### What this task involves
Give all of the listing again word for word, with images excluded.

══ Source material

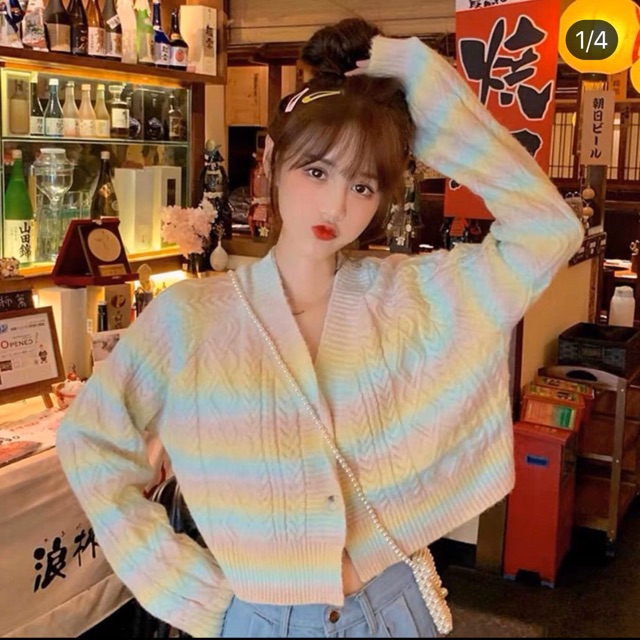 Áo crotop cầu vồng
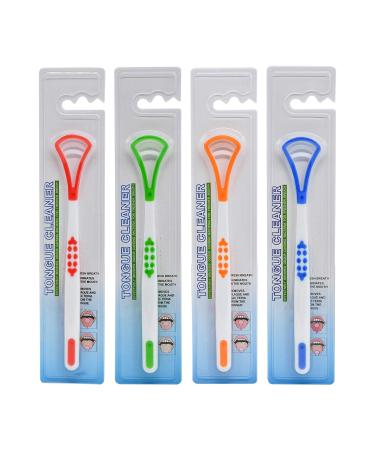 8 Pack Double-Sided Tongue Scraper Plastic Cleaner for Bad Breath Reduction - Oral Care Tool - Buy Online on GoSupps.com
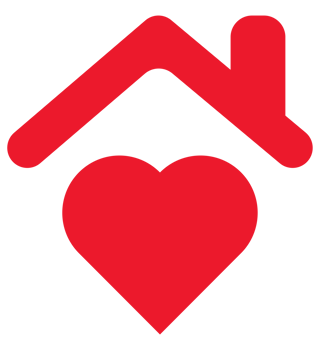 Home Sweet Home Love with Roof and Chimney with Red Version png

════

### Solution to this exercise
 Áo crotop cầu vồng
 8 Pack Double-Sided Tongue Scraper Plastic Cleaner for Bad Breath Reduction - Oral Care Tool - Buy Online on GoSupps.com
 Home Sweet Home Love with Roof and Chimney with Red Version png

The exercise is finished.